At 614, the biasing mechanism 500 adjusts a deflection angle of an
adjustable bent sub assembly 400 to the desired deflection angle,
while the downhole motor 200 is operating within the wellbore
107.
At 616, a locking mechanism locks the desired deflection angle
while the downhole motor 200 is operating within the wellbore
107.
In some implementations, the downhole control unit 300 is
communicatively coupled to a surface control unit 114 (FIG. 1). The
surface control unit 114 receives and displays confirmation
information that a set of instructions has been executed by the
control unit 300. In some implementations, the surface control unit
can receive and display other downhole information, such as
downhole torque, weight-on-bit, vibrations, and any other relevant
downhole information.
In some implementations, for vertical wells, the adjustable bent
sub assembly 400 is adjusted to a zero-degree deflection angle,
from the rotational axis 200C of the downhole motor 200, at
surface. In some implementations, for deviated wells (or wells
where directional drilling is used), the adjustable bent sub
assembly 400 is adjusted to a deflection angle with a range of zero
to three degrees, from the rotational axis 200C of the downhole
motor 200, at surface.
While this disclosure contains many specific implementation
details, these should not be construed as limitations on the scope
of any inventions or of what may be claimed, but rather as
descriptions of features specific to particular implementations of
particular inventions. Certain features that are described in this
disclosure in the context of separate implementations can also be
implemented in combination in a single implementation. Conversely,
various features that are described in the context of a single
implementation can also be implemented in multiple implementations
separately or in any suitable subcombination. Moreover, although
features may be described above as acting in certain combinations
and even initially claimed as such, one or more features from a
claimed combination can in some cases be excised from the
combination, and the claimed combination may be directed to a
subcombination or variation of a subcombination.

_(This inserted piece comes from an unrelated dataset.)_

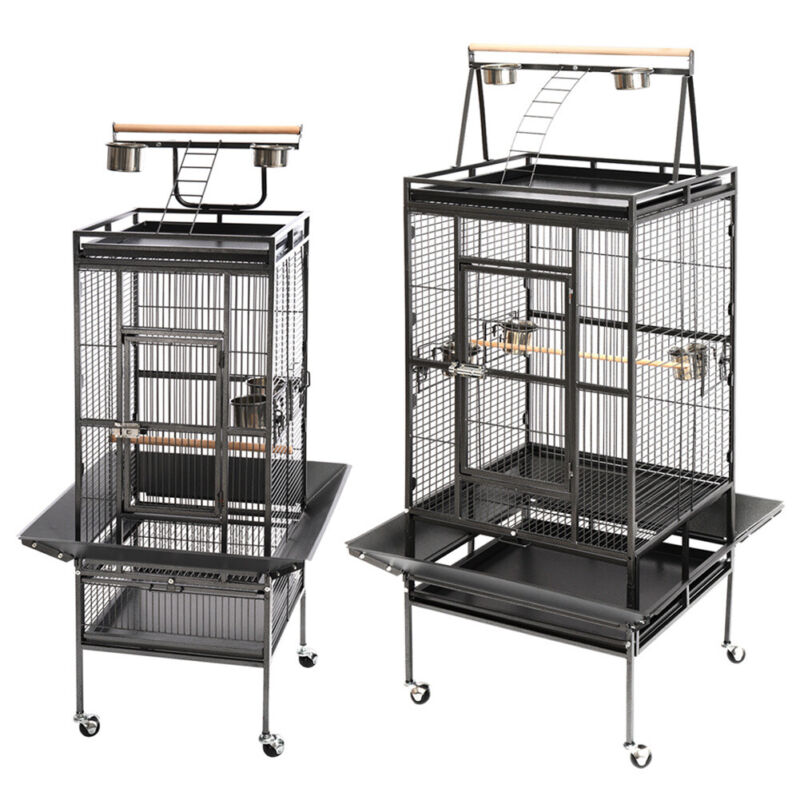 S/L Metal Luxury Bird Cage Rolling Metal Parrot Lovebird Cage Parrot cage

Similarly, while operations are depicted in the drawings in a
particular order, this should not be understood as requiring that
such operations be performed in the particular order shown or in
sequential order, or that all illustrated operations be performed,
to achieve desirable results. Moreover, the separation of various
system components in the implementations described above should not
be understood as requiring such separation in all implementations,
and it should be understood that the described components and
systems can generally be integrated together in a single product or
packaged into multiple products.
Thus, particular implementations of the subject matter have been
described. Other implementations are within the scope of the
following claims. In some cases, the actions recited in the claims
can be performed in a different order and still achieve desirable
results. In addition, the processes depicted in the accompanying
figures do not necessarily require the particular order shown, or
sequential order, to achieve desirable results.